§ **REQUIREMENT**: Only the pictures should be left out; write out all other data exactly.

§ **EXERCISE DATA**:
* * *

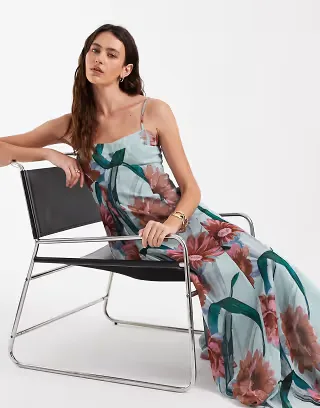 ASOS DESIGN chiffon strappy maxi dress with deep godets in red and blue floral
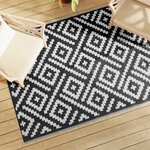 vidaXL Tapis d'extérieur blanc et noir 140x200 cm PP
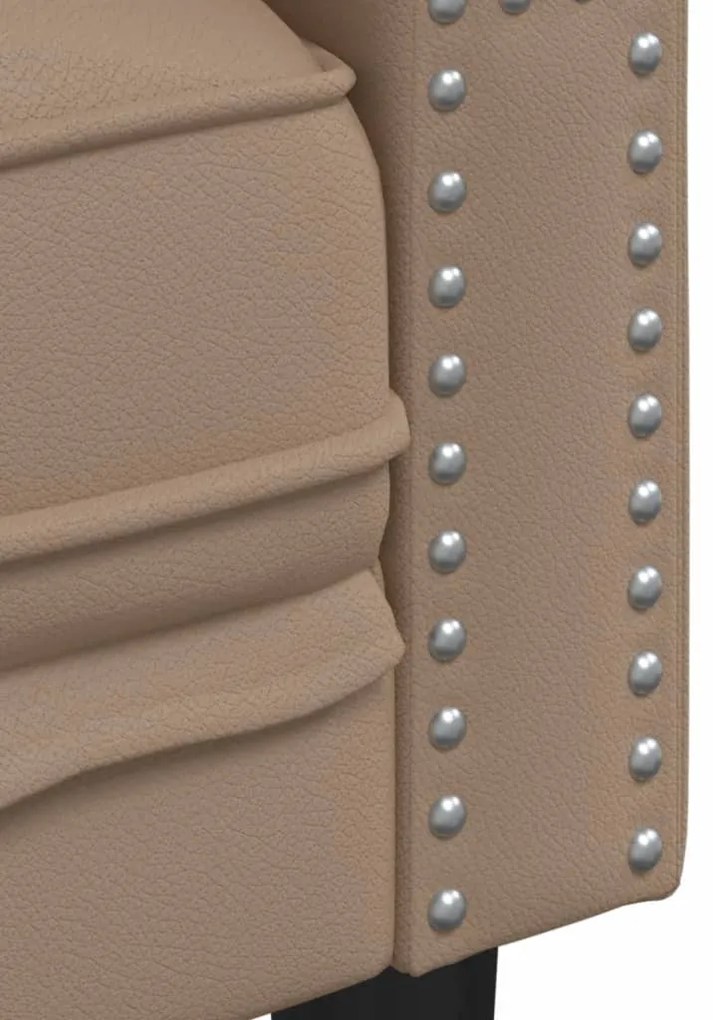 3 személyes kávészínű műbőr Chesterfield kanapé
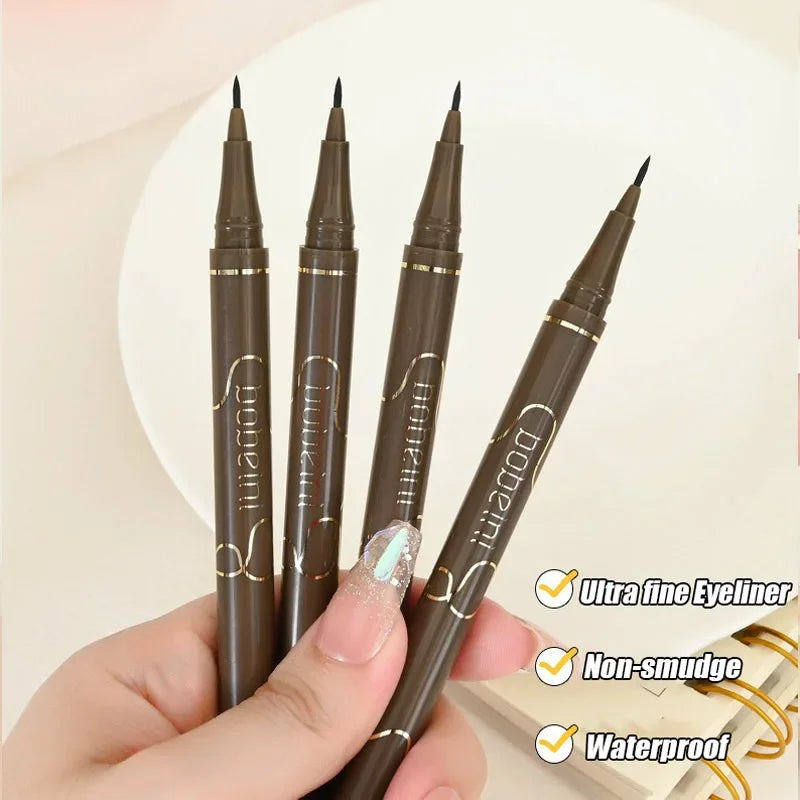 0.05mm Ultra Fine Liquid Eyeliner Black Brown Waterproof Long Lasting Smooth Eyeliner Eyelash Pencils Quick-dry Eye Makeup Tool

* * *

§ **RESULT OF THIS EXERCISE**:
 ASOS DESIGN chiffon strappy maxi dress with deep godets in red and blue floral
 vidaXL Tapis d'extérieur blanc et noir 140x200 cm PP
 3 személyes kávészínű műbőr Chesterfield kanapé
 0.05mm Ultra Fine Liquid Eyeliner Black Brown Waterproof Long Lasting Smooth Eyeliner Eyelash Pencils Quick-dry Eye Makeup Tool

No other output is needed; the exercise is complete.